◆ **DESCRIPTION OF THE TASK**:
Will you extract the entries word for word? Images should not appear in the copy.

Items from a dataset:
===============

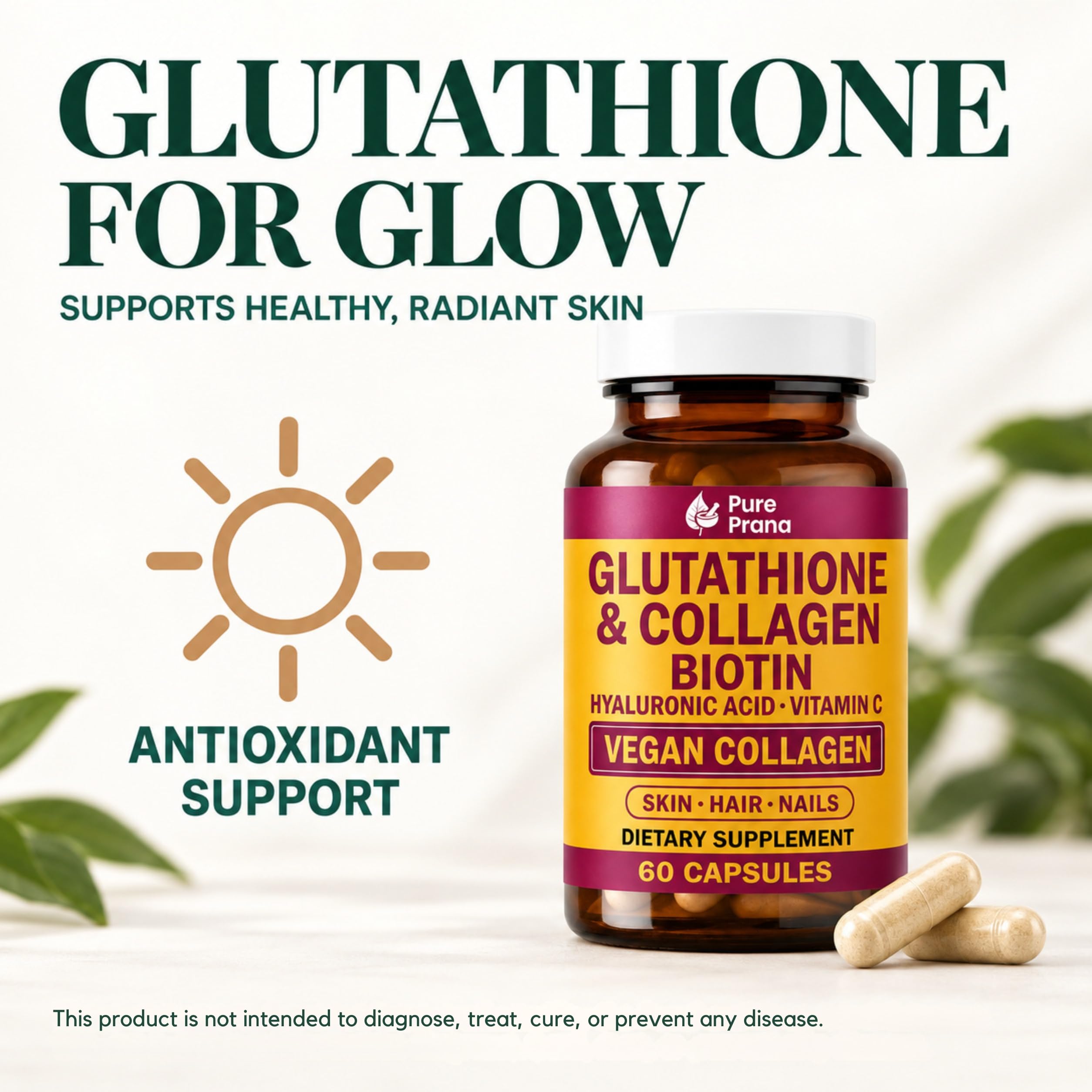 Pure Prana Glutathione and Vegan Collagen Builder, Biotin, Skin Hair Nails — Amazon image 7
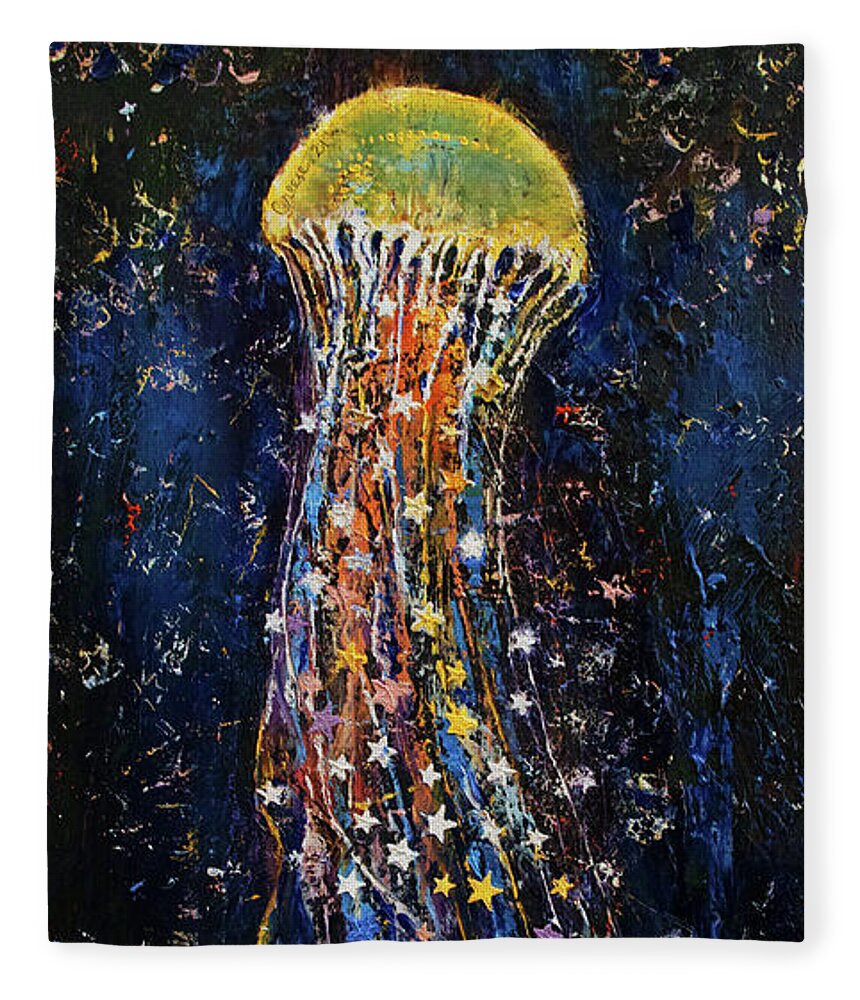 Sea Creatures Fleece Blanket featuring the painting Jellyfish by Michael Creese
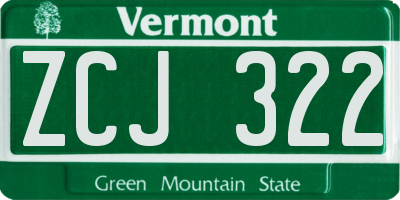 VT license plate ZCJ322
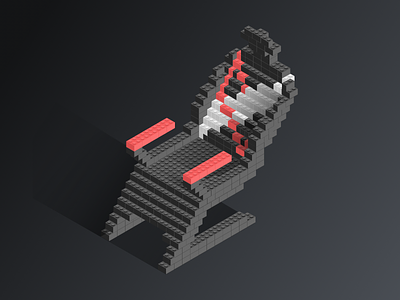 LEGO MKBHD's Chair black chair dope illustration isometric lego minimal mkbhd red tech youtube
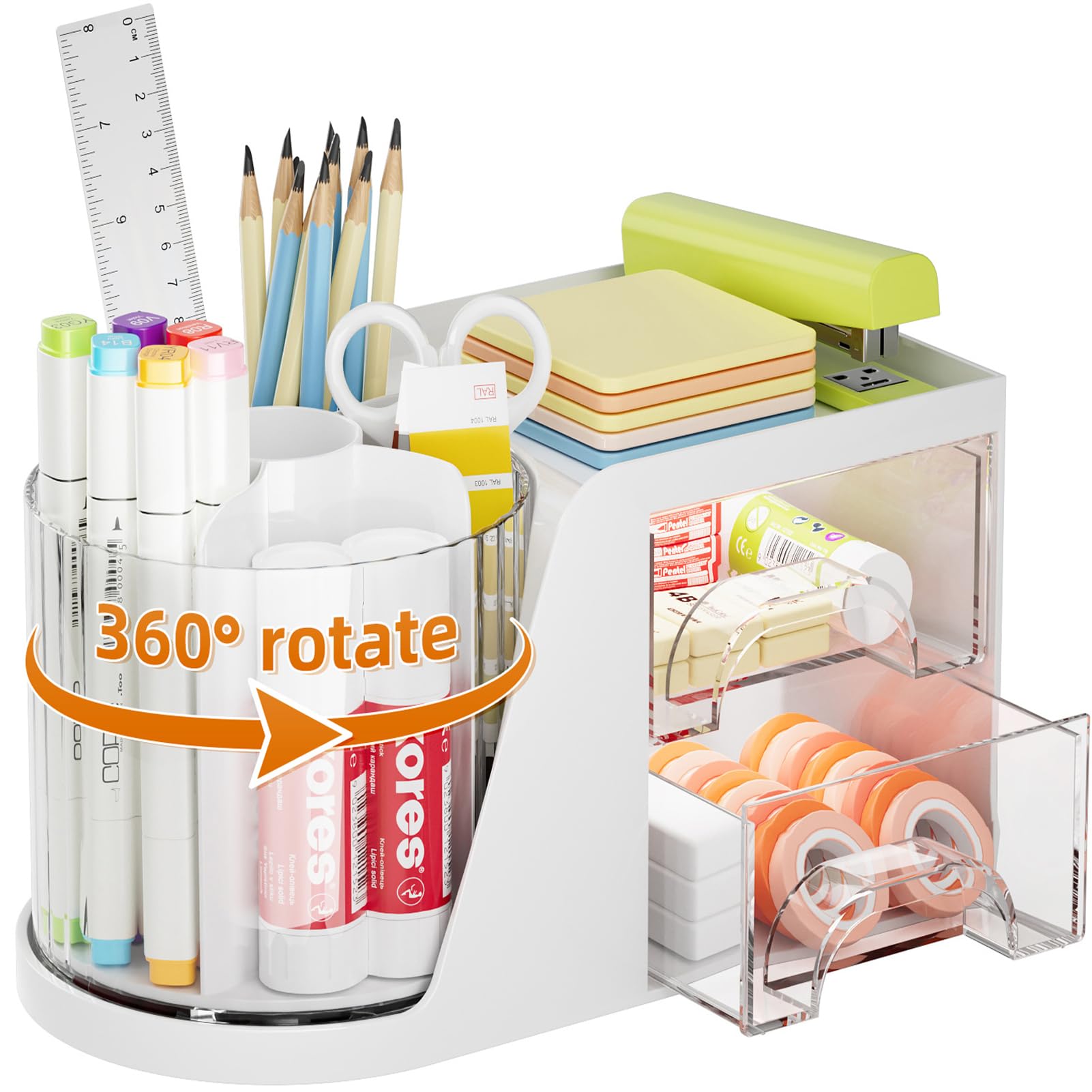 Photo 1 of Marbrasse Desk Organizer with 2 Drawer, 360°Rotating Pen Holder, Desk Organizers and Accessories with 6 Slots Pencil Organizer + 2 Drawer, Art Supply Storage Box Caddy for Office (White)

===============

◆ **EXERCISE RESPONSE**:
 Pure Prana Glutathione and Vegan Collagen Builder, Biotin, Skin Hair Nails — Amazon image 7
 Sea Creatures Fleece Blanket featuring the painting Jellyfish by Michael Creese
 VT license plate ZCJ322
 LEGO MKBHD's Chair black chair dope illustration isometric lego minimal mkbhd red tech youtube
 Photo 1 of Marbrasse Desk Organizer with 2 Drawer, 360°Rotating Pen Holder, Desk Organizers and Accessories with 6 Slots Pencil Organizer + 2 Drawer, Art Supply Storage Box Caddy for Office (White)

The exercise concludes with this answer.